START Extracted information
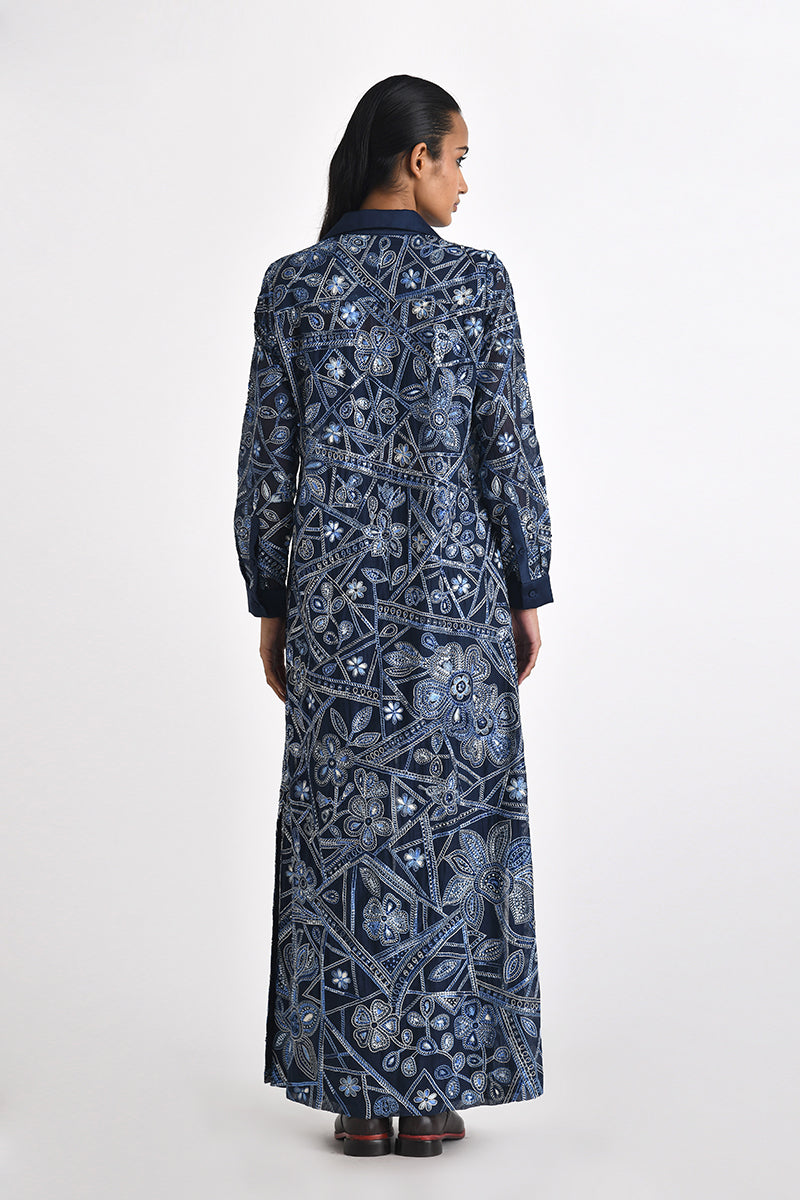 OTILLIE EMBROIDERED OVERVERLAY SHIRT DRESS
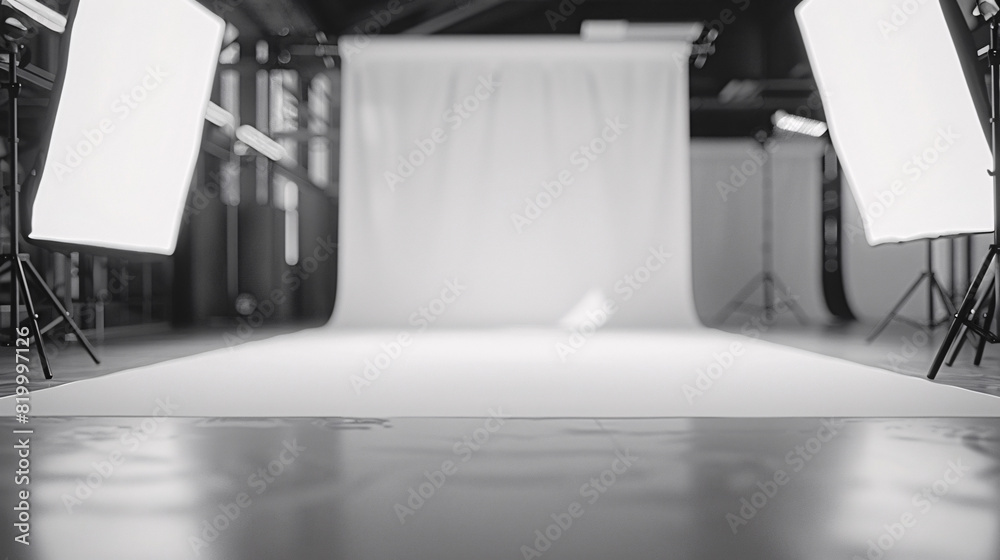 Empty photography studio setup. A monochrome image of an empty photography studio with lights and a white backdrop, ready for a shoot. Empty photography studio setup. A monochrome image of an empty photography studio with lights and a white backdrop, ready for a shoot.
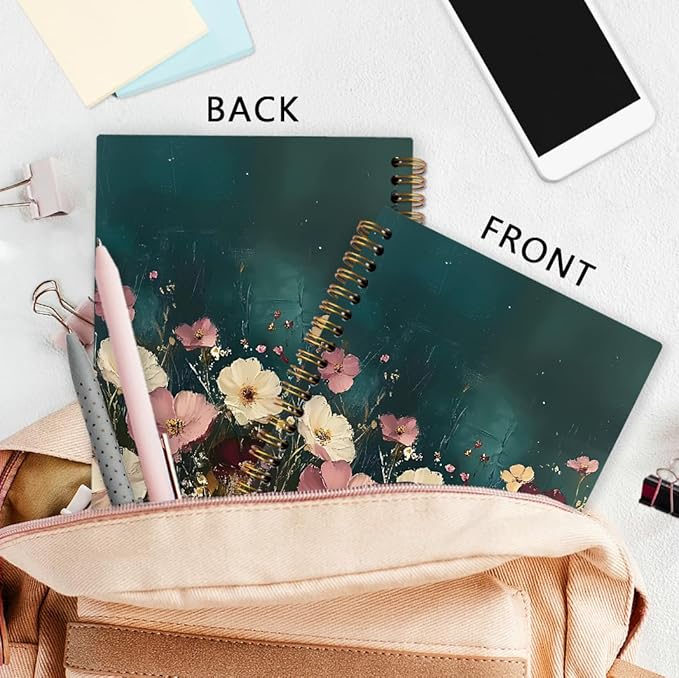 nvucamd Vintage Floral Spiral Notebook, Dark Green Cottagecore Wildflower Botanical Journal Notebook, Retro Moody Flower Journaling Notebooks for Women, Floral Gifts Office Supplies, 5.5x8.3 Inch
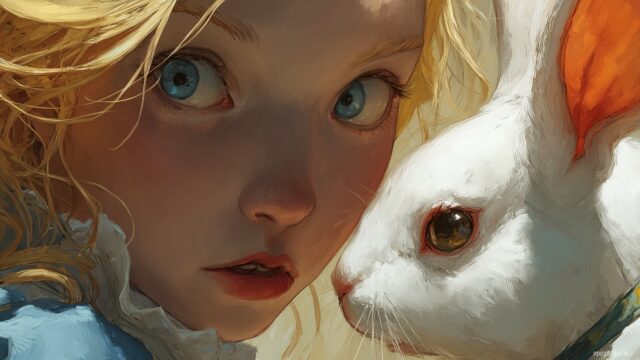 Alice Wonderland Desktop Wallpaper, A Captivating Close Up Of Alice Curious Expression As She Encounters The White Rabbit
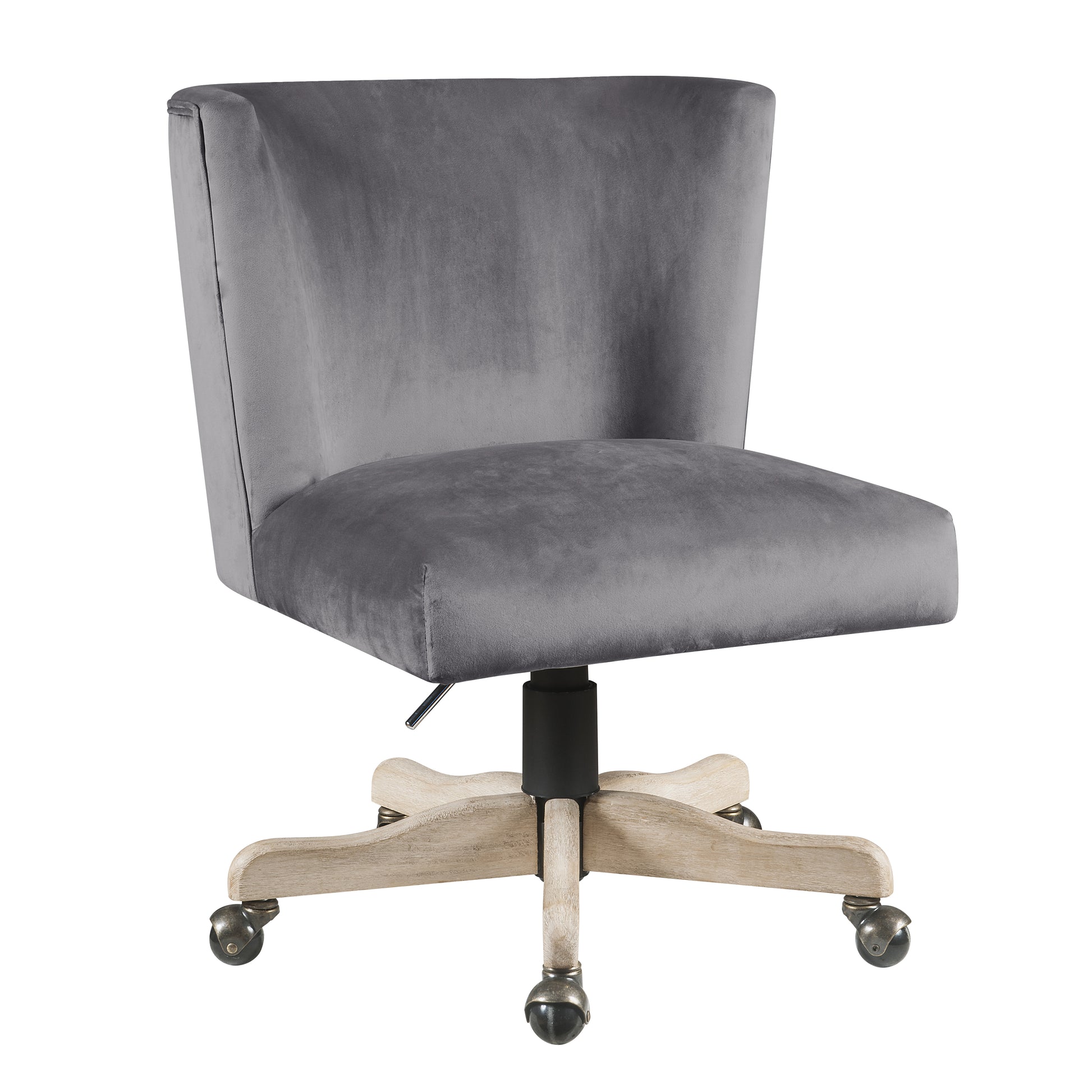 Grey Swivel Office Chair With Casters Cushion Solid Grey Office Foam Office Chairs Solid Back Casters Fabric Metal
END Extracted information
◆ **Directions**
Output nothing but the lines from the line with "Alice Wonderland Desktop" through the last line of the material above, please, word for word and without the pictures.

◆ **Solution to the problem**
 Alice Wonderland Desktop Wallpaper, A Captivating Close Up Of Alice Curious Expression As She Encounters The White Rabbit
 Grey Swivel Office Chair With Casters Cushion Solid Grey Office Foam Office Chairs Solid Back Casters Fabric Metal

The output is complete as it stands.